One of those grabs was the big one. With 7:59 left in the game, the Trojans were down 13-10. Peete looked across the huddle at Affholter and called, "529 Throwback." "Erik had been making some great catches, catches your average receiver couldn't make," said Peete. "The coverage put Erik in a one-on-one situation, so I just put it up there and let him make the play."
Peete fired a 33-yard pass high to the back corner of the end zone. "There really wasn't too much to think about," said Affholter after the game. "It was actually a bad pattern, to tell you the truth. But Rodney just put it in a perfect spot."
Affholter was behind the Bruin defender, Marcus Turner. Affholter bobbled the ball momentarily and fell out of the end zone, but the officials ruled that he had possession with the requisite one foot inbounds.

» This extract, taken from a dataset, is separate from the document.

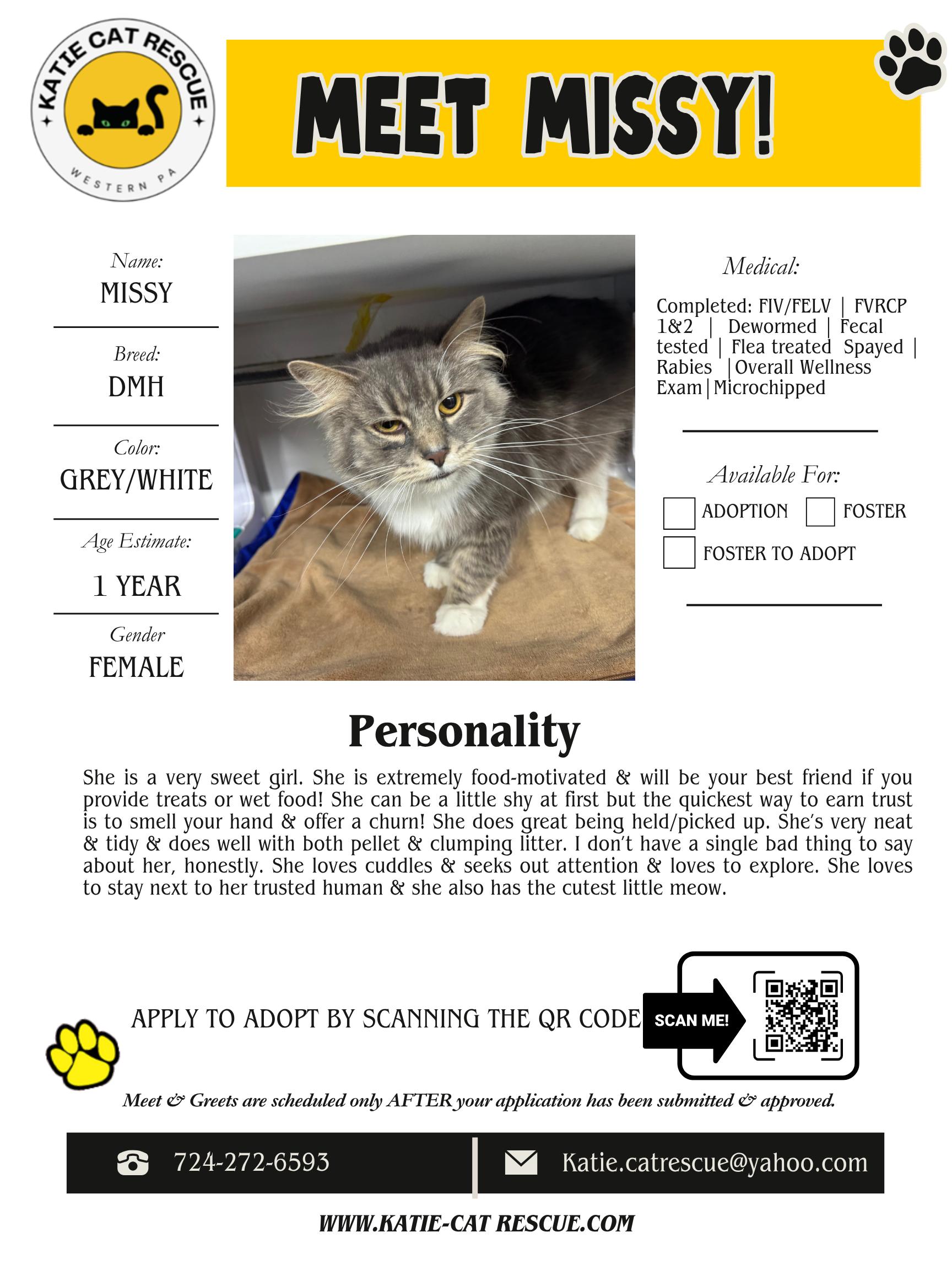 Missy, adopted, Adult Female Domestic Medium Hair.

"We were supposed to have no chance—none," said USC safety Mark Carrier, who intercepted two of Bruin quarterback Troy Aikman's passes. Carrier's second interception was at UCLA's 38-yard line with about a minute left. "They were bigger, faster, stronger," said Carrier. "But we had Rodney."
Indeed, who else but Peete could suffer through what he called "the worst half of football in my life" and, with 0:14 left in that half and the score 10-0 UCLA, throw an end zone interception to Bruin strong safety Eric Turner, then sprint 80 yards to run down Turner and prevent a UCLA touchdown. "I've never had an interception returned on me in my life," said Peete. "I wasn't about to let it happen now. I knew I had to come out and play the best second half of my life."
"That was the key play of the first half," said Larry Smith, who is in his first year as coach at USC. "Without that, I don't think I could have acted like I did at halftime."
And how had Smith acted in the locker room at halftime? Peete and the rest of the Trojans said Smith was "jumping up and down" as he yelled, "They can't keep us out of the end zone." Smith denied having behaved so demonstratively. Another USC tradition has it that the school's football coaches are cool customers. The presence of former USC coach John McKay at the game was pressure enough for Smith, but the Trojan band even spelled out McKay's name as part of their halftime show. And McKay had never let 'em see him sweat, had he?